Salomon v. Salomon Case

Salomon v. Salomon Case

The case of Salomon v. Salomon and Co. Ltd., (1897) A.C.


The above case has clearly established the principle that once a company has been validly constituted under the Companies Act, it becomes a legal person distinct from its members and for this purpose it is immaterial whether any member holds a large or small proportion of the shares, and whether he holds those shares as beneficially or as a mere trustee.


In the case, Salomon had, for some years, carried on a prosperous business as a leather merchant and boot manufacturer.

He formed a limited company consisting of himself, his wife, his daughter and his four sons as the shareholders, all of whom subscribed to 1 share each so that the actual cash paid as capital was £7. Salomon sold his business (which was perfectly solvent at that time), to the Company formed by him for the sum of £38,782.

The company’s nominal capital was £40,000 in £1 shares. In part payment of the purchase money for the business sold to the company, debentures of the amount of £10,000 secured by a floating charge on the company’s assets were issued to Salomon, who also applied for and received an allotment of 20,000 £ 1 fully paid shares.

The remaining amount of £8,782 was paid to Salomon in cash.
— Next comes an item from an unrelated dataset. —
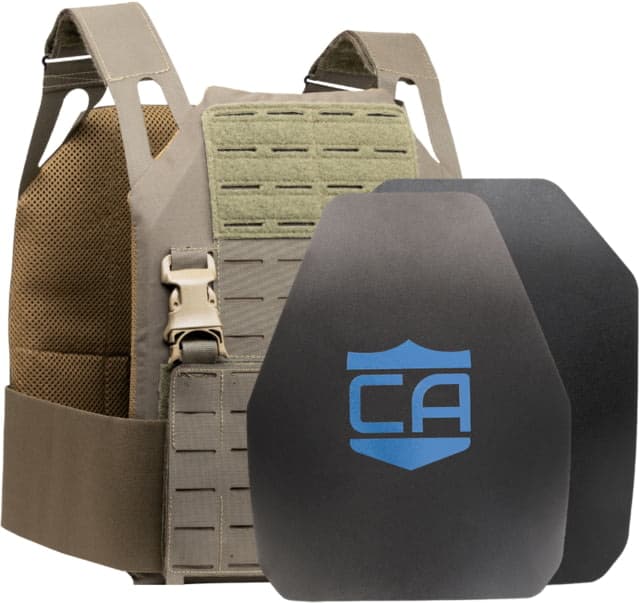 Caliber Armor Caliber AR550 DV8 - Level III+ Body Armor Complete Plate Carrier Package Shooter/SAPI Cut Ranger Green 10x12in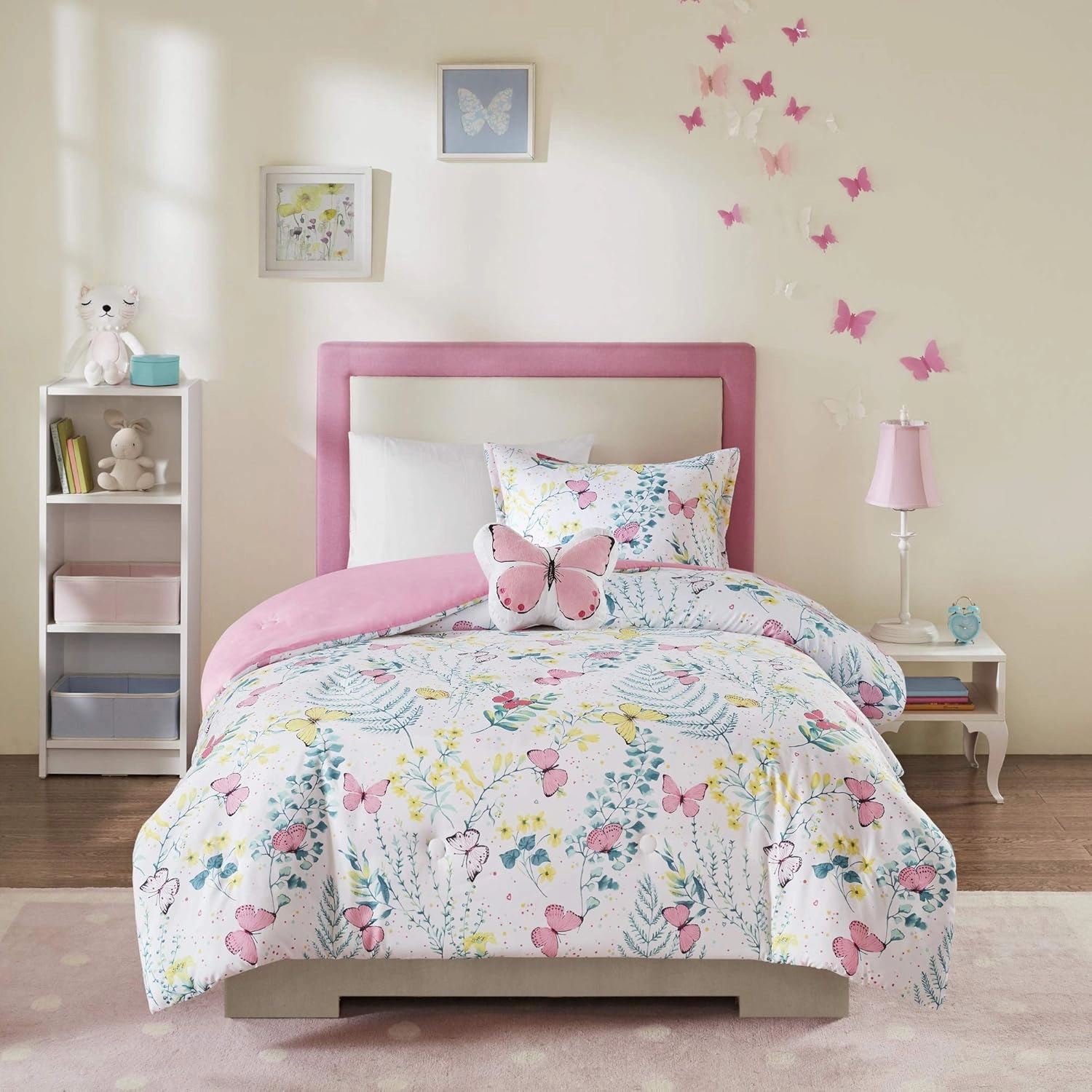Mi Zone Kids Cynthia Comforter for Girls Microfiber Animal Butterfly Print, Modern All Season Down Alternative Kids Bed Set, Matching Sham, Decorative Pillow, Twin, Pink 3 Piece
Salomon was the managing director and two of his sons were other directors.


The company soon ran into difficulties and the debentureholders appointed a receiver and the company went into liquidation.

The total assets of the company amounted to £6050, its liabilities were £10,000 secured by debentures, £8,000 owing to unsecured trade creditors, who claimed the whole of the company’s assets, viz., £6,050, on the ground that, as the company was a mere ‘alias’ or agent for Salomon, they were entitled to payment of their debts in priority to debentures.

They further pleaded that Salomon, as a principal beneficiary, was ultimately responsible for the debts incurred by his agent or trustee on his behalf.


Their Lordships of the House of Lords observed:
“…the company is a different person altogether from the subscribers of the memorandum; and though it may be that after incorporation the business is precisely the same as before, the same persons are managers, and the same hands receive the profits, the company is not, in law, their agent or trustee.

The statute enacts nothing as to the extent or degree of interest, which may, be held by each of the seven or as to the proportion of interest, or influence possessed by one or majority of the shareholders over others.

There is nothing in the Act requiring that the subscribers to the memorandum should be independent or unconnected, or that they or any of them should take a substantial interest in the undertakings, or that they should have a mind or will of their own, or that there should be anything like a balance of power in the constitution of company.”